----- Available data -----

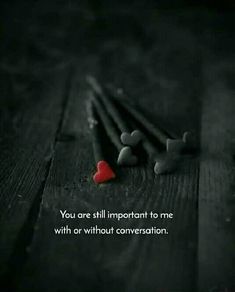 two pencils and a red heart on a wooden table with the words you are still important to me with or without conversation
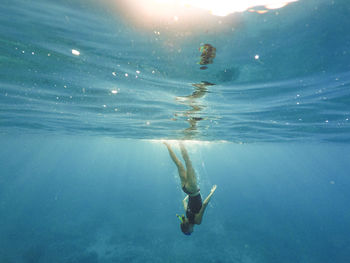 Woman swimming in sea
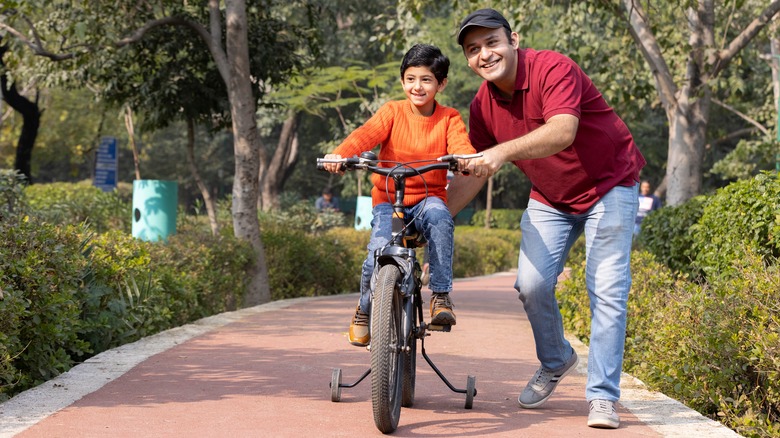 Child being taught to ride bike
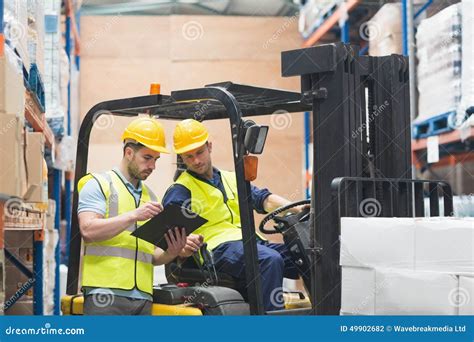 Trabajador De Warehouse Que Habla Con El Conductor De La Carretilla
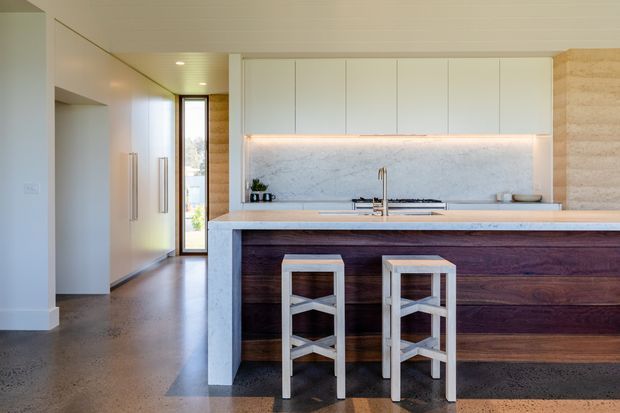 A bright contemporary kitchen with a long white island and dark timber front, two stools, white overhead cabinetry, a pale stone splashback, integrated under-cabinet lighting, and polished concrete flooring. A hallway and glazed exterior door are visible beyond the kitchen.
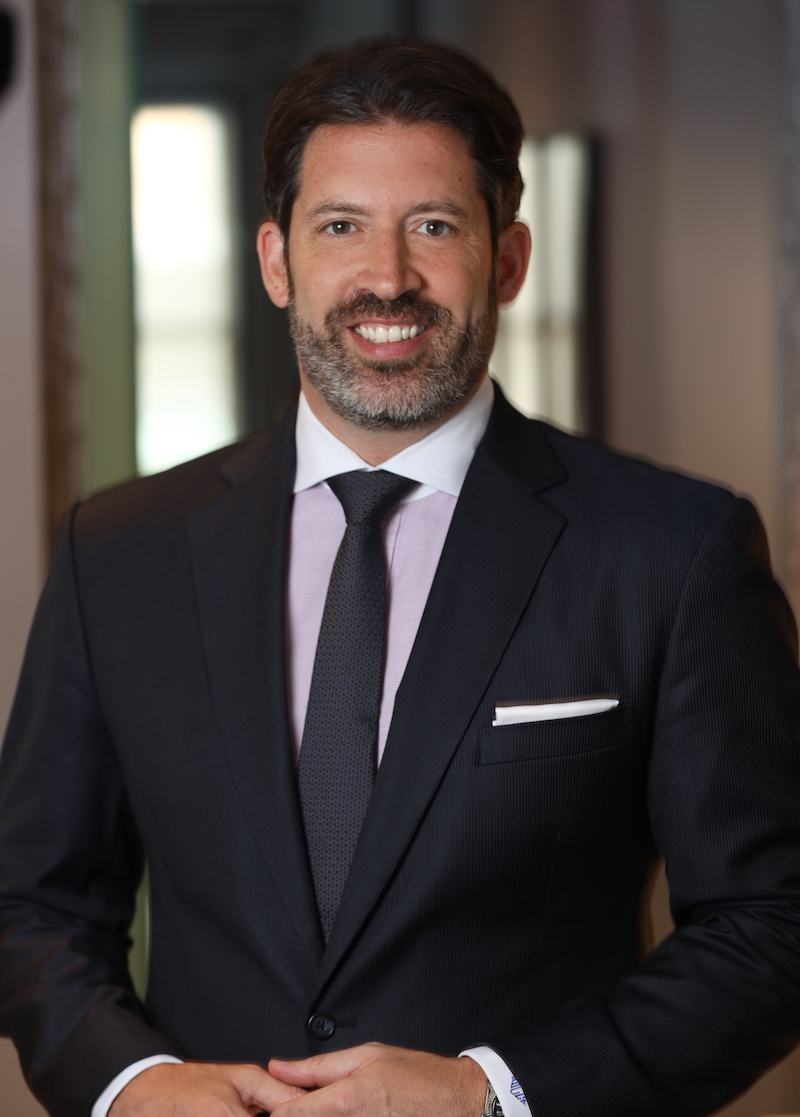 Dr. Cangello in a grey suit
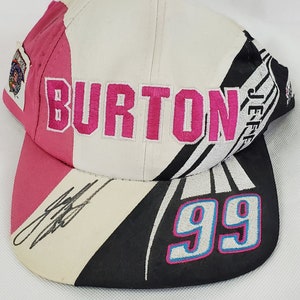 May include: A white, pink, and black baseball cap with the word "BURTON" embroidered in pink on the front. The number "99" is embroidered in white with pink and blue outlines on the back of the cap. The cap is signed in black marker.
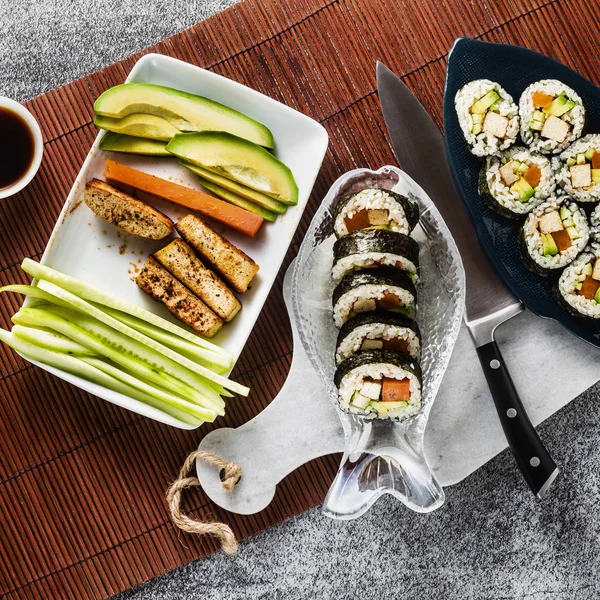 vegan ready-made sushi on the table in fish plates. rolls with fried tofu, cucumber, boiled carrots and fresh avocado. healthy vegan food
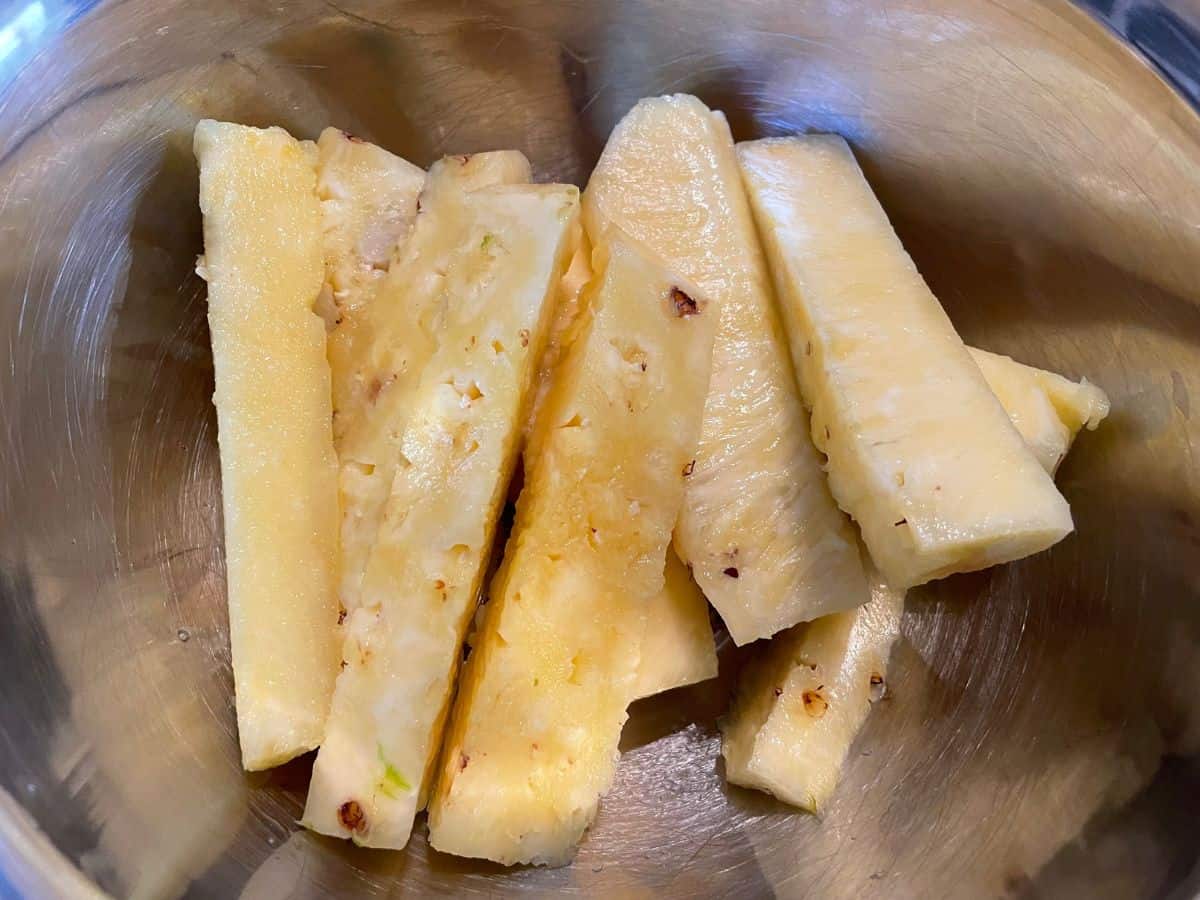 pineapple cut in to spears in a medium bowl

-----
----- Available data -----

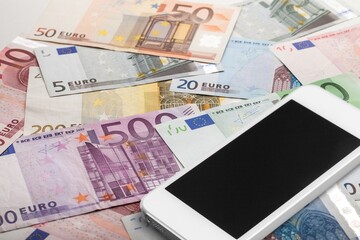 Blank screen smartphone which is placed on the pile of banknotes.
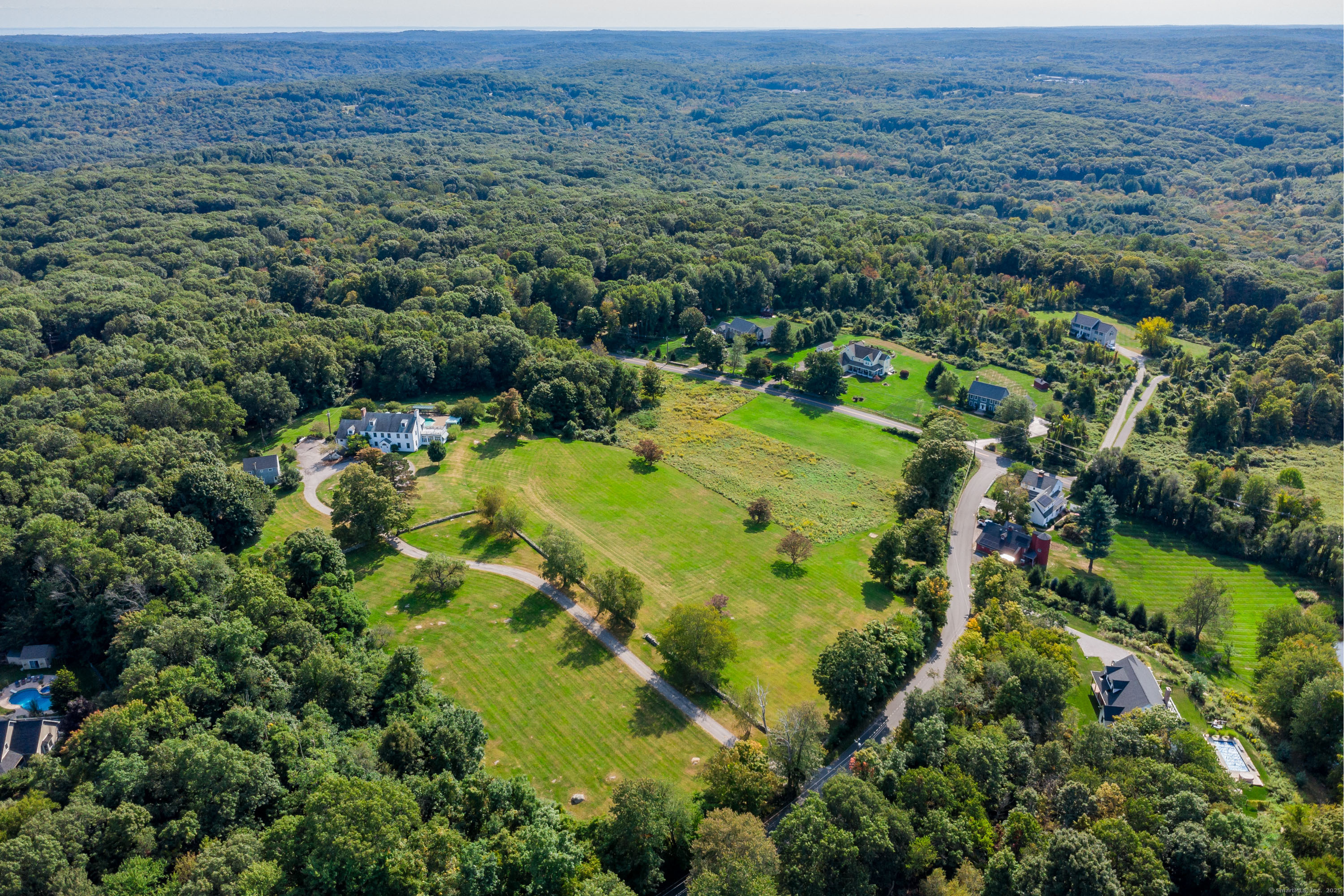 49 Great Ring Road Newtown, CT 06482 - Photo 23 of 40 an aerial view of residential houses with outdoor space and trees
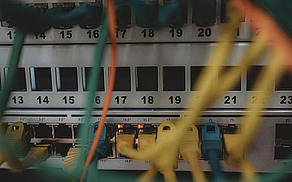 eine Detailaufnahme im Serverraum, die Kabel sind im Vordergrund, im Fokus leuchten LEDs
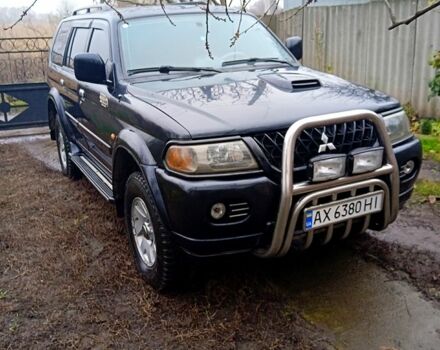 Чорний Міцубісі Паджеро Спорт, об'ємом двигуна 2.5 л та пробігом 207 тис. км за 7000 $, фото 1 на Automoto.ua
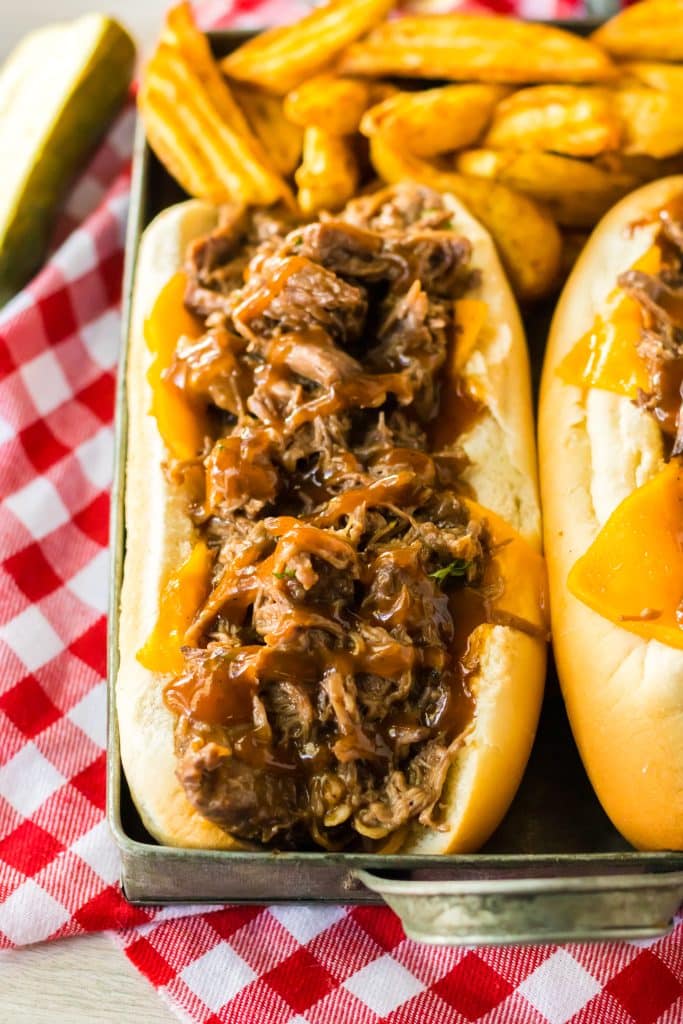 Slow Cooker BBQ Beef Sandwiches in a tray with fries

-----

Directions for this task | How would the lines above read from the one with "two pencils and" to the one with "Dr. Cangello in a grey suit", inclusive, with no pictures? Write them out exactly.

Answer to this problem |
 two pencils and a red heart on a wooden table with the words you are still important to me with or without conversation
 Woman swimming in sea
 Child being taught to ride bike
 Trabajador De Warehouse Que Habla Con El Conductor De La Carretilla
 A bright contemporary kitchen with a long white island and dark timber front, two stools, white overhead cabinetry, a pale stone splashback, integrated under-cabinet lighting, and polished concrete flooring. A hallway and glazed exterior door are visible beyond the kitchen.
 Dr. Cangello in a grey suit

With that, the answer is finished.